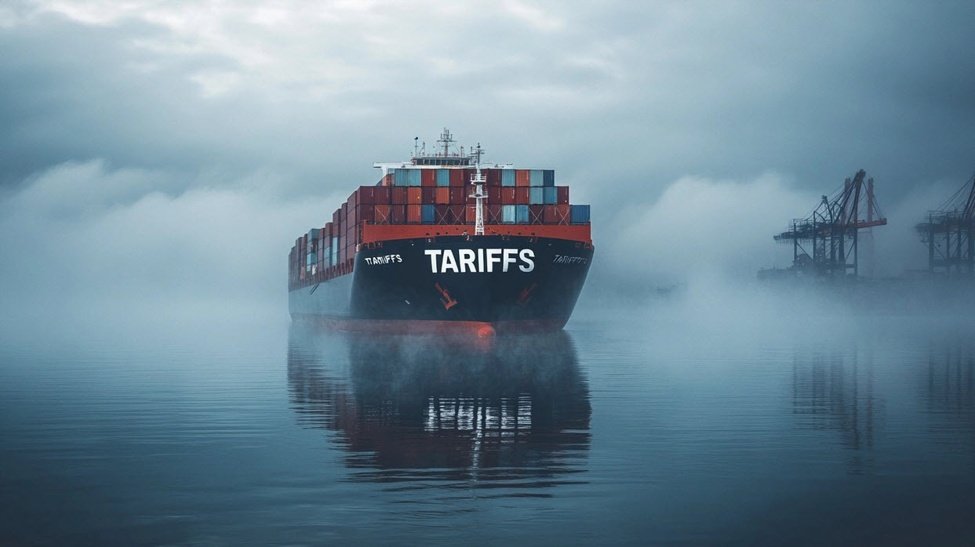 Die Berechnungen der gegenseitigen Tarif -Tarif -Rate zeigen, dass dies eine ungesätsame Verwaltung ist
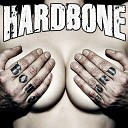 HARDBONE - Take It Off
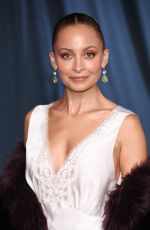 NICOLE RICHIE at 5th Annual Gala at Academy Museum of Motion Pictures in Los Angeles 10/18/2025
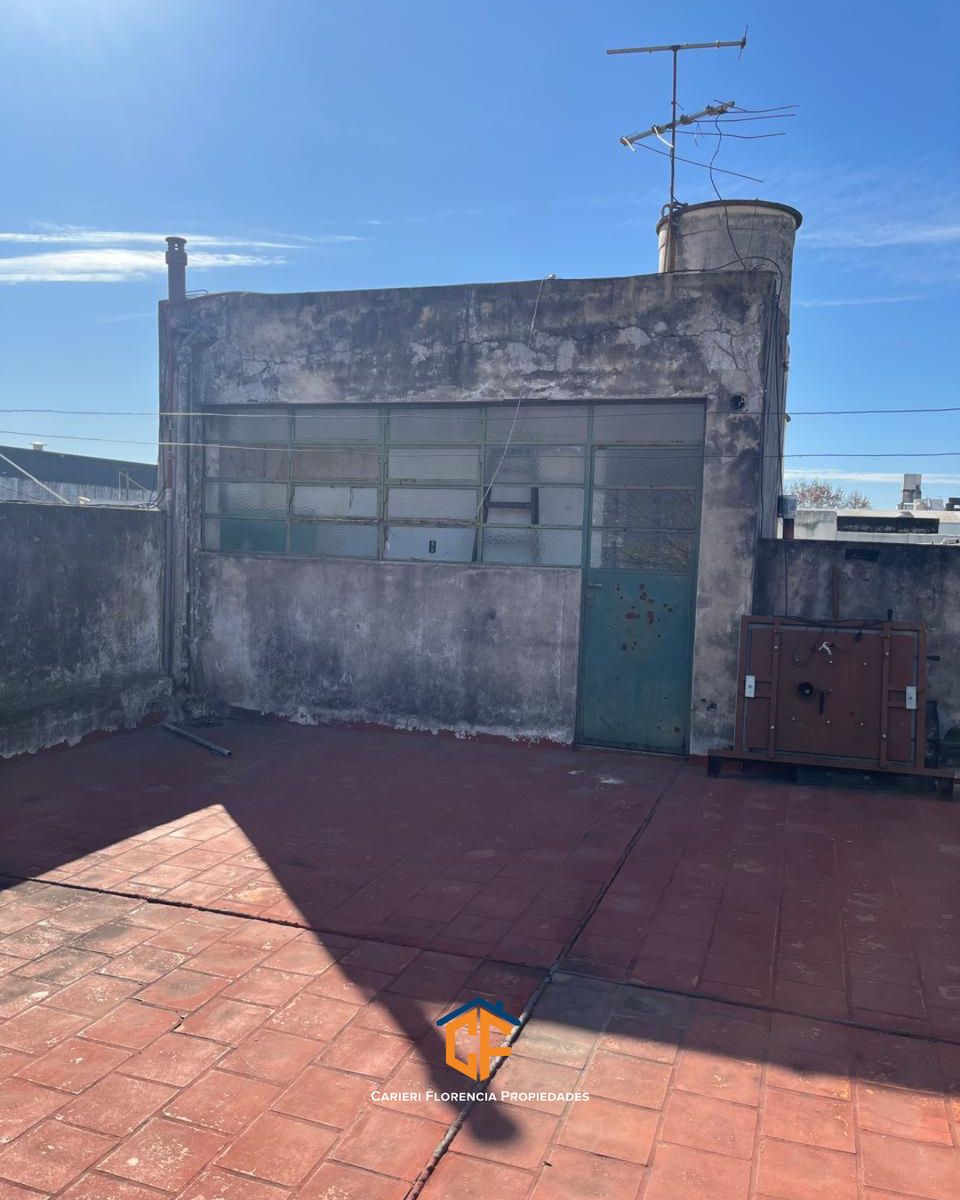 VENTA DE CASA 3 AMBIENTES Y LOCAL COMERCIAL, CON TERRAZA EN VILLA LYNCH — foto 12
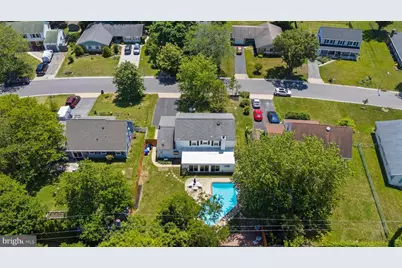 12112 Faith Lane, Bowie, MD 20715 - Photo 47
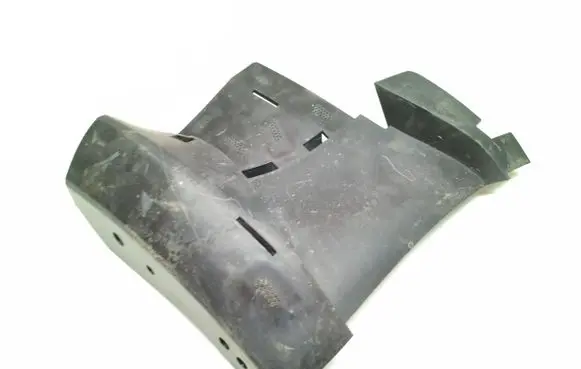 Tesla Model 3 Front bumper mounting bracket 108417500 127525
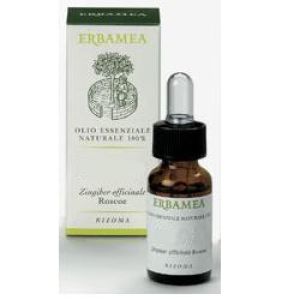 Erbamea Tea Tree Oil Essential Oil 10ml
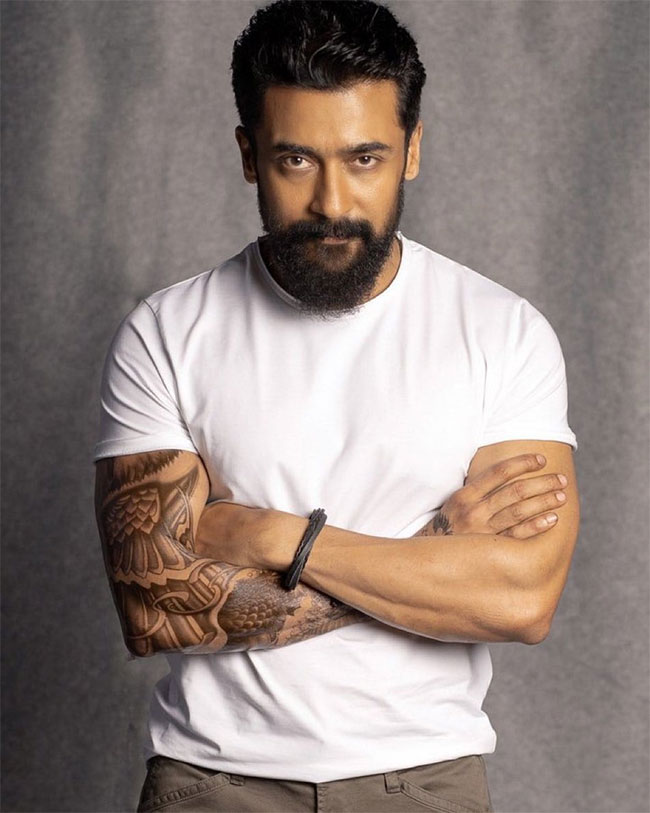 Suriya Tattoos Photos, Muthialpet, pondicherry- Pictures & Images Gallery -  Justdial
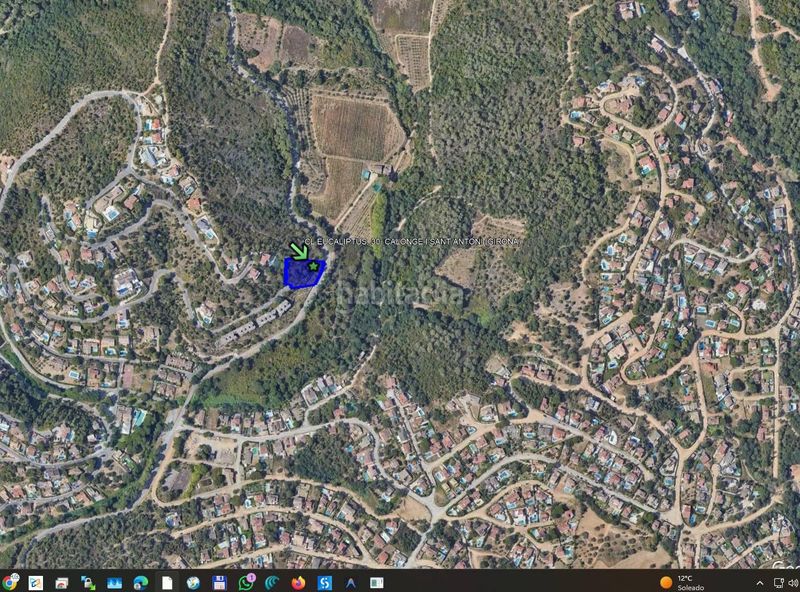 Foto 50b8dc2f-dca4-4b45-95a0-5b7e94eed196. Finca rústica a Macastre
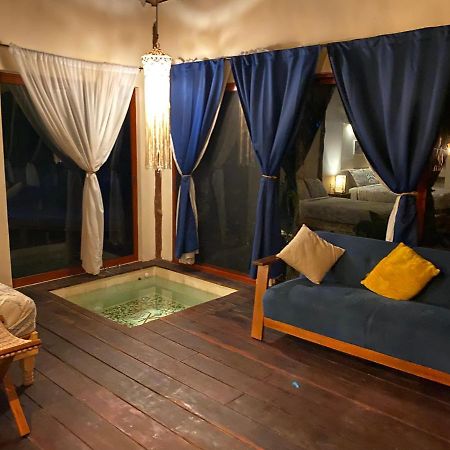 Xoot Ka'Ana Villa Sensacion Bacalar Exterior foto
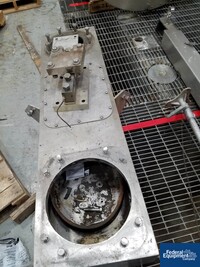 Image of 3,000 Gal Mueller Liquifier, S/S, 100 HP 20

--*--

• **EXERCISE**:
The copy should hold exactly the lines above from the one with "NICOLE RICHIE at" through the one with "Erbamea Tea Tree Oil Essential Oil 10ml", both ends counted, and no pictures at all.

• **THE COMPLETED TASK**:
 NICOLE RICHIE at 5th Annual Gala at Academy Museum of Motion Pictures in Los Angeles 10/18/2025
 VENTA DE CASA 3 AMBIENTES Y LOCAL COMERCIAL, CON TERRAZA EN VILLA LYNCH — foto 12
 12112 Faith Lane, Bowie, MD 20715 - Photo 47
 Tesla Model 3 Front bumper mounting bracket 108417500 127525
 Erbamea Tea Tree Oil Essential Oil 10ml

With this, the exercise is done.